Work required:
Repeat exactly, and only, the lines from the line containing "Citroën C4 1.6 HDi 110 VTR Pack - 7" through the last line of the records below, including both.

[Web page caption snippets]
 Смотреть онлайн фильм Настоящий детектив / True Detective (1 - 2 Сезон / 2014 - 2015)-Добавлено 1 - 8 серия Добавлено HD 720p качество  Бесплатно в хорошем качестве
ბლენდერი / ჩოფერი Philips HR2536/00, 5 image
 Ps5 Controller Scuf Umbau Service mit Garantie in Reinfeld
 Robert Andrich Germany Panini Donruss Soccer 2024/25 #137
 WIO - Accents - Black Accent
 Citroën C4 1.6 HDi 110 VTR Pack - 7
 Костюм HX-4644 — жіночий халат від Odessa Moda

Reply to the exercise:
 Citroën C4 1.6 HDi 110 VTR Pack - 7
 Костюм HX-4644 — жіночий халат від Odessa Moda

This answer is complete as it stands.